The Knights singles lineup hardly dropped a game in their sweep. Picking up convincing wins were Nora Binder at first singles, Melinda Mao at second singles and Ishneet Sachar at third singles. Binder jumped from third singles last year and Sachar played second doubles.

“Nora is good,” Arnold said. “I think she’s working herself into playing these top girls. We’ve played 15 matches so far and she’s getting used to it.

“Ishneet Sachar, I think she’s gotten thrown to the wolves too,” he said. “She’s played a lot of good girls. I hope she continues what she did (Sept. 21) at Robbinsville. She played well and won by a lot.”

The top flight for the Knights this year could be their second doubles pairing of Shreyavasi Gowda and Ruhani Nigam. They dropped just two games in their straight-set victory over Allentown, and already own a win over Moorestown.

Norqulova and Wang are trying to do their part to help push the Knights to a season comparable to last year’s 14-13 record and helping them also build for the future.
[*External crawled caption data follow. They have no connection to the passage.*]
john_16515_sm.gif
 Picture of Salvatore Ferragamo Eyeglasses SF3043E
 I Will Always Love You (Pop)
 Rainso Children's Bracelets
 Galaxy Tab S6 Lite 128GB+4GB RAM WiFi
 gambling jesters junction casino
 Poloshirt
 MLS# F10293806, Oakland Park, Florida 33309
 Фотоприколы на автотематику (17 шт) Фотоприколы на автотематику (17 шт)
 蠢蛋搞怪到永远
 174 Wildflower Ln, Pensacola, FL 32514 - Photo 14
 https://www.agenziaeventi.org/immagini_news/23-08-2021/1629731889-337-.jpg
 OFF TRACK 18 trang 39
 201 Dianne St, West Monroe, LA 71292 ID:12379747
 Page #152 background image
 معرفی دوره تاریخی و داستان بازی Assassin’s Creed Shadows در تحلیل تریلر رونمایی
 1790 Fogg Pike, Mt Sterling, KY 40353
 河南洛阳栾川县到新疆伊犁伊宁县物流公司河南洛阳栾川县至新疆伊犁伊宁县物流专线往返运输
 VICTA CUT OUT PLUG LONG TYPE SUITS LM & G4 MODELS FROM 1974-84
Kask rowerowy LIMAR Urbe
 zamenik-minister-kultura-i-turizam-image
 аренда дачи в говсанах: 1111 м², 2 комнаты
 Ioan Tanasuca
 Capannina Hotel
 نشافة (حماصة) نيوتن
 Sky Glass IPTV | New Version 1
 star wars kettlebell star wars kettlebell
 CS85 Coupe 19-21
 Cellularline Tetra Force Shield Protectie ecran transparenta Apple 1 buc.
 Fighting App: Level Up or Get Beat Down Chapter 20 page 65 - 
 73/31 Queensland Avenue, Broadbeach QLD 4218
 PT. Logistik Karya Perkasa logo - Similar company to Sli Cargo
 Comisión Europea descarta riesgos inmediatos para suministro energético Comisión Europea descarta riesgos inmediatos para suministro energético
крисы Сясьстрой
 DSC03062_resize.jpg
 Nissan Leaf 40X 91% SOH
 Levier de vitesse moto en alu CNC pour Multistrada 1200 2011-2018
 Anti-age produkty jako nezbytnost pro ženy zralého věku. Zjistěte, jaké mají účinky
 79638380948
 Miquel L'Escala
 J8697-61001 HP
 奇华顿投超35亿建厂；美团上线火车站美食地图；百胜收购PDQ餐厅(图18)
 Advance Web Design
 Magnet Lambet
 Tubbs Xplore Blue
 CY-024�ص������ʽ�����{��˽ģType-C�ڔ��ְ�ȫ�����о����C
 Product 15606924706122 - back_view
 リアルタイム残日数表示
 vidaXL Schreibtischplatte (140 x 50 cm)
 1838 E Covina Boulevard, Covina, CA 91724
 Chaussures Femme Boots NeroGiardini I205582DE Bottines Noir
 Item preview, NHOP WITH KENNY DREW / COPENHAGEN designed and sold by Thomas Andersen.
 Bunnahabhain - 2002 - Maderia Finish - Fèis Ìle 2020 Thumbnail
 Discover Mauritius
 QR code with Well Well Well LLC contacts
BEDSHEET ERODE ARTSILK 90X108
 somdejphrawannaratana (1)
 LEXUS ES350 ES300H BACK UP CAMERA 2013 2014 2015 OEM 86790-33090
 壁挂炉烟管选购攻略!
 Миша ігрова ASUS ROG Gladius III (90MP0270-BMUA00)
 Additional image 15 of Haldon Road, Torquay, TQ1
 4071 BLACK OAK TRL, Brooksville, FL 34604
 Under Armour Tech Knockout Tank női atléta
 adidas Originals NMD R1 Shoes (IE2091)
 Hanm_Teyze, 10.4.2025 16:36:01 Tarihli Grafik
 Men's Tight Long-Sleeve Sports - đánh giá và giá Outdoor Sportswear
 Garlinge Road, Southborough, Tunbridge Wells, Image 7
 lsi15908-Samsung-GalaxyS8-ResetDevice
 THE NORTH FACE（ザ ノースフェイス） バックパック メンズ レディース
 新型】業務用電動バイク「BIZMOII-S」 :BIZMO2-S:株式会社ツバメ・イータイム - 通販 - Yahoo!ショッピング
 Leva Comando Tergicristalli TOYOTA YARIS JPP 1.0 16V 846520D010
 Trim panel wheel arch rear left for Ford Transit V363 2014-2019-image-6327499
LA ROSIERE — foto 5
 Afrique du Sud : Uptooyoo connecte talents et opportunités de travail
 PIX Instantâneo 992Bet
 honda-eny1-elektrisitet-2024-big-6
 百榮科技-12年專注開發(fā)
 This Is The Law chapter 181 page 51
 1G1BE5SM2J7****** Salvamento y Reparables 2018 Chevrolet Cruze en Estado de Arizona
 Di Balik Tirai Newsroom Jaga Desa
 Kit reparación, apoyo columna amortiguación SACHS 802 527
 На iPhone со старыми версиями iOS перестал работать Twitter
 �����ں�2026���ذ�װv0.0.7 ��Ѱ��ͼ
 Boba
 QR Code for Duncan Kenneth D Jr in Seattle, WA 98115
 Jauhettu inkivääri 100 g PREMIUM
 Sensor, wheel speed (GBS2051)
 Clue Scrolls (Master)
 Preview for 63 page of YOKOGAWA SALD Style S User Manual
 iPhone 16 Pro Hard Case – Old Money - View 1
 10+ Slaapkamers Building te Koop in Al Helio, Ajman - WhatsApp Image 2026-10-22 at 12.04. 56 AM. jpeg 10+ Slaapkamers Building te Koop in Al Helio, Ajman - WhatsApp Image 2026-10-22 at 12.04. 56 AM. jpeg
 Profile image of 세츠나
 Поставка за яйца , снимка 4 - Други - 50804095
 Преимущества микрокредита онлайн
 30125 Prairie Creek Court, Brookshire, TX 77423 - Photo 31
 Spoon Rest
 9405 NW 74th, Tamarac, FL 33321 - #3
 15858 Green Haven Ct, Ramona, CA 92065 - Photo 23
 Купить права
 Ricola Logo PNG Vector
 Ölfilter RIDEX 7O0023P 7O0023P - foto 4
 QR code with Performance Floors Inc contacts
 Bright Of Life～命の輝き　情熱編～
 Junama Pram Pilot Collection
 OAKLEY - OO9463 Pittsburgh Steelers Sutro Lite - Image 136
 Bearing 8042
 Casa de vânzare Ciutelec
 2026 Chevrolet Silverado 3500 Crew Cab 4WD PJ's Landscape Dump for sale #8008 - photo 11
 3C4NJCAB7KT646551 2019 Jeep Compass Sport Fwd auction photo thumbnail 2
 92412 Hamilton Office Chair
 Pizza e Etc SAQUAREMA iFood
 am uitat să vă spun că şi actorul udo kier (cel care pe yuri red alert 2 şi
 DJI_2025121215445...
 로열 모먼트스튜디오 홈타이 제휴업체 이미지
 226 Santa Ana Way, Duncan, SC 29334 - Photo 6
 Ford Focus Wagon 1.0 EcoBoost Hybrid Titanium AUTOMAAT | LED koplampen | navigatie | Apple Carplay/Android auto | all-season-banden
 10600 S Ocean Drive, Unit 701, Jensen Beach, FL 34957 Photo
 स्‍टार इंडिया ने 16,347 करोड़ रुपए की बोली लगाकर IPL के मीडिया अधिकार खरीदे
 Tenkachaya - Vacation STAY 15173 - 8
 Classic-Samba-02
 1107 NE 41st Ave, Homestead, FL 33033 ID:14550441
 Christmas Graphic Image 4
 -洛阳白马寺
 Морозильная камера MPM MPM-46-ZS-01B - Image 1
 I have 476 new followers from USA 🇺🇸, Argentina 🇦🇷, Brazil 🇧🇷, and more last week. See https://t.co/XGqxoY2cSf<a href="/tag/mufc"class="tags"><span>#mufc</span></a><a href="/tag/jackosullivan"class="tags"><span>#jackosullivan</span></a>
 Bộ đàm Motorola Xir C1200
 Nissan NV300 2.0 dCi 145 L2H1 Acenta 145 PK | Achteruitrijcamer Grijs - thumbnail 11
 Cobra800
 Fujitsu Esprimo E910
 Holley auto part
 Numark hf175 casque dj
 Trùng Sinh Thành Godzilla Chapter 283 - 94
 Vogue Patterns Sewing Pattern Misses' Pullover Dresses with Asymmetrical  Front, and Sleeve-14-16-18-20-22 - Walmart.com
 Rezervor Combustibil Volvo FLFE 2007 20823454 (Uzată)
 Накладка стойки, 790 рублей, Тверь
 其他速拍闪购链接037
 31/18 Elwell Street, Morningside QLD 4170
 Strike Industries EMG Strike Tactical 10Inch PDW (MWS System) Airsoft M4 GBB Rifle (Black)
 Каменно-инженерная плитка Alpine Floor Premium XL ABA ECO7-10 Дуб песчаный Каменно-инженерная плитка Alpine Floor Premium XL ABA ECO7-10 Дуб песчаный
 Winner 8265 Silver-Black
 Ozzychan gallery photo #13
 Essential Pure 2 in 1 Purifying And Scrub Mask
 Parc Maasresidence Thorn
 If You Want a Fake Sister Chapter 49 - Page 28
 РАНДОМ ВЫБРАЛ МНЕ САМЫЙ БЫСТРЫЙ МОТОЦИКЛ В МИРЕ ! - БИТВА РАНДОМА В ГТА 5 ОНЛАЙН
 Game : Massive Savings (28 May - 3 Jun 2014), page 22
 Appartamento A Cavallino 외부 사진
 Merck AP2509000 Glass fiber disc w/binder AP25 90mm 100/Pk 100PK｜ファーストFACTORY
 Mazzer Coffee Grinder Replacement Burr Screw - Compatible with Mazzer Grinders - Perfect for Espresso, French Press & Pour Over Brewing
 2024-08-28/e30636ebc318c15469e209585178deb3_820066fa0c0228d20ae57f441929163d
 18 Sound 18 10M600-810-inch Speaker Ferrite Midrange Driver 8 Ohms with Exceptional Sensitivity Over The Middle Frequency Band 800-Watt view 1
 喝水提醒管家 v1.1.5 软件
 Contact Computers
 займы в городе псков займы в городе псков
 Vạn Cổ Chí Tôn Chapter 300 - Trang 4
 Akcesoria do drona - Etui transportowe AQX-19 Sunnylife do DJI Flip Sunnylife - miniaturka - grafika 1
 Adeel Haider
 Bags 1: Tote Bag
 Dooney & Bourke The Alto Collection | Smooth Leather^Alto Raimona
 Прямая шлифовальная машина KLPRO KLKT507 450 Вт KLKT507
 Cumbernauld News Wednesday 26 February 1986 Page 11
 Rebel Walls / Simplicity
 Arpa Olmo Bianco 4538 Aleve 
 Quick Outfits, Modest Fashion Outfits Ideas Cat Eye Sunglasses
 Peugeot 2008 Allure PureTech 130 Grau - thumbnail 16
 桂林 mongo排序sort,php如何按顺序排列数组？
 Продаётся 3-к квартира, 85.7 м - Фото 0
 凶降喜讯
Arnold is looking for his first doubles team to set a winning example. The MCT presents a big challenge with a highly competitive county meeting to determine the best in the area.

The two came into the season knowing what to expect because of last year. Gaining a year of experience at the highest level was a big plus.

“I think last year playing varsity definitely helped Catherine and me,” Norqulova said. “Even last year when we were fighting for the first doubles positon we had to prove ourselves multiple times. That gave both of us a huge confidence booster because I know throughout the harder schools, we would use that pressure and motivate ourselves to play even better. Last year, it was tough to get and stay on first doubles, but in the end I think it was all worth it.”

Norqulova and Wang are enjoying the chance to play their final matches together after their friendship and partnership has blossomed over the past four years.

“We never talked to each other before,” Norqulova said. “It was from tennis that we actually met. I think the teamwork just worked out.”